El pasado 2 de febrero, el Director Nacional de Inteligencia de EEUU, Dennis C. Blair, presentó un informe sobre la situación económica de Cuba y Venezuela al Congreso de EEUU. A continuación se presentan los aspectos principales del mismo.
Cuba no ha mostrado señales de querer una relación más estrecha con EEUU. Sin los envíos subvencionados de petróleo de Venezuela, de alrededor de 100.000 barriles diarios, la grave situación económica sería aún peor. El presidente Raúl Castro teme que un cambio económico rápido o significativo podría socavar el control del régimen y debilitar la revolución, y su gobierno no muestra señales de aliviar la represión a los disidentes políticos. Mientras tanto la migración ilegal cubana a EEUU, que promedió unos 18.000 anuales entre 2005 y 2008, se redujo en casi un 50% en 2009, principalmente debido a la recesión económica de EEUU y a las más estrictas medidas de seguridad de Cuba. Mientras que se considera que la posibilidad de un intento repentino de migración masiva cubano es bajo, si el régimen decide que no puede hacerle frente al creciente descontento público sobre las condiciones económicas, podría decidir que más cubanos abandonen la isla.

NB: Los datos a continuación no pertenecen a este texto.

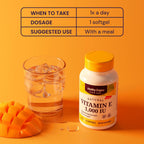 Healthy Origins Vitamina E, 1.000 UI (Natural) Tocoferoles Mixtos - 60 Cápsulas Blandas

Venezuela está luchando por compensar los precios más bajos y la disminución de la producción de petróleo. El presidente Hugo Chávez se ha consolidado como uno de los principales detractores internacionales de EEUU, denunciando el capitalismo de mercado y la democracia liberal y se opone a las políticas e intereses de EEUU en la región. El presidente Chávez sigue imponiendo un modelo político populista autoritario en Venezuela que socava las instituciones democráticas. Después del referéndum constitucional a principios de 2009, que eliminó los límites de su mandato y permitió su reelección, Chávez ha tomado pasos adicionales para consolidar su poder político y debilitar a la oposición en la carrera hacia las elecciones legislativas de 2010. La Asamblea Nacional aprobó una ley que pasó a control del Ejecutivo central la infraestructura de estado y los bienes y servicios de Caracas con el fin de privar de fondos a los estados y municipios en poder de la oposición. Chávez ha restringido las actividades de expresión de la oposición, acosando y deteniendo a los manifestantes y ha amenazado con delitos de corrupción a los líderes de la oposición. La popularidad de Chávez ha disminuido considerablemente en las encuestas recientes como resultado de sus medidas represivas, la continua alta criminalidad, creciente inflación, escasez de agua y energía y una devaluación de la moneda, lo cual plantea dudas sobre su futuro político de más largo plazo.